2003年4月的一个星期天,妈妈来了,不仅给我带来了蔬菜,还带来了一打野桃。我拿起一个,咬了一口,笑着问她:“挺甜的。哪来的?”母亲说,“我...我挑的……”没想到她会摘野桃。我由衷地夸她,“妈妈,你真是越来越有本事了。”娘嘿嘿笑了。

妈妈走之前,我像往常一样叮嘱她注意安全,妈妈回了一句“哦哦”。送走了妈妈,我一头扎进了高考前的期末复习。第二天,我在上课的时候,阿姨急匆匆的赶到学校,问我妈有没有送饭,说我妈还没回家。我心里一紧,妈妈应该不会走错路吧?姨妈问:“你妈妈什么都没说?”我说没有,她给我带了一打野桃。大妈拍手道:“坏了,可能在这野桃里坏了。”我姑姑替我请假,我们沿着山路回去找。回家的路上,确实有几棵野桃树,桃树上稀疏地挂着几个桃子,因为长在悬崖上,所以保存了下来。同时,我们发现一棵桃树,树枝折断,树下有一个深渊。我姑姑看着我说:“你去悬崖下面看看!””我说,“阿姨,别吓我...“阿姨扑向我,走进山谷...

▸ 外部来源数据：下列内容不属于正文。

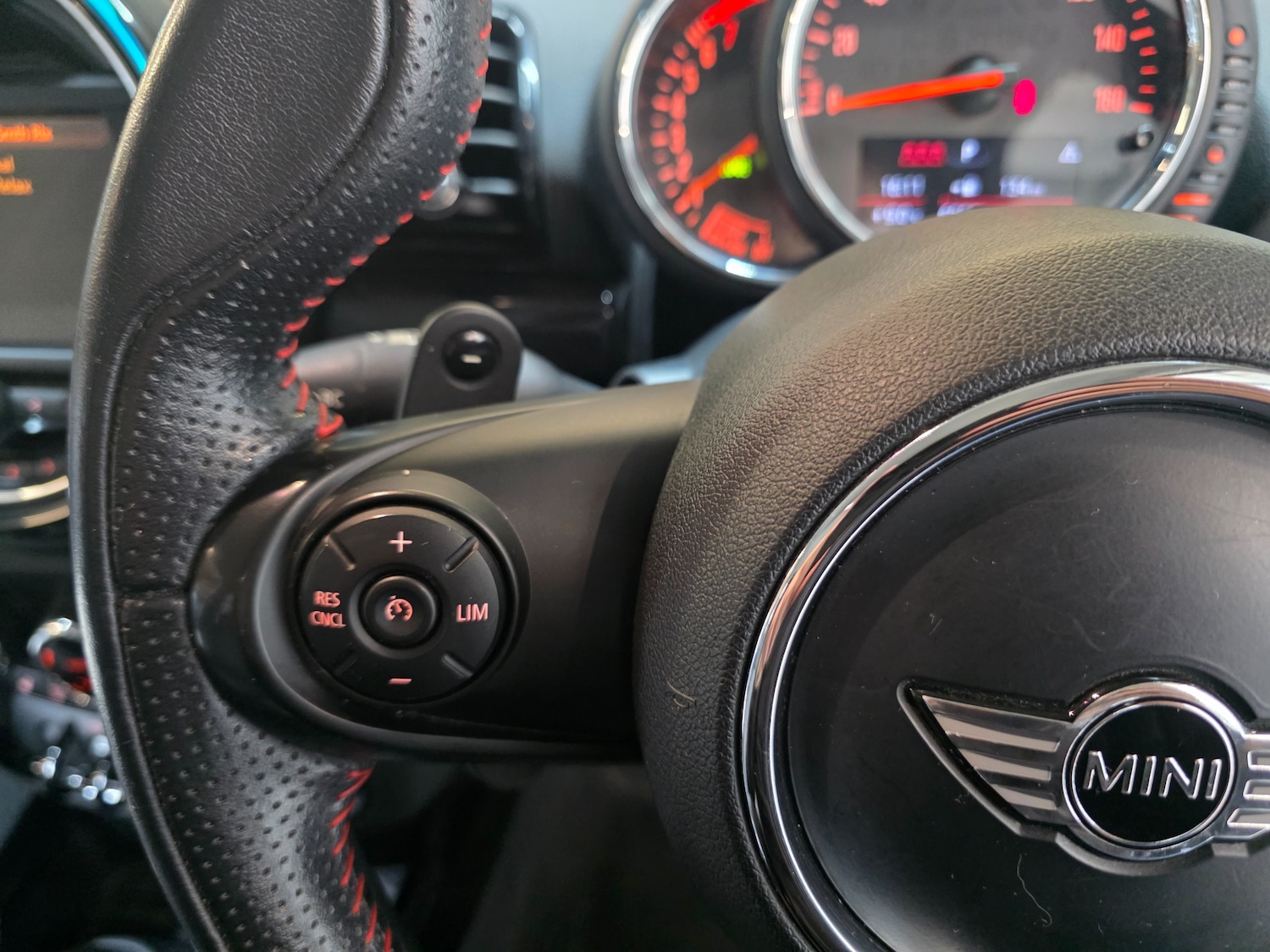 Used MINI Clubman 2017 for sale - 77247698: Photo 35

娘静静地躺在谷底,身边是一些散落的桃子。她手里还紧紧握着一个,血早已凝固成了沉沉的黑色。我五脏六腑悲痛欲绝,紧紧抱住母亲说:“母亲,我的恶业母亲,你后悔这桃子是甜的吗?是我儿子杀了你……”我把头靠在她冰冷的脸上,漫山遍野的石头都流下了眼泪...

2003年8月7日,母亲下葬后的第100天,大学烫金的录取通知书穿过母亲走过的路,穿过那些野桃树,穿过村前的稻田,径直飞进我家。我把这封迟到的信放进了娘冰冷的坟墓里:“娘,我儿许下了一个诺言,你听见了吗?”你可以在坟墓里微笑!"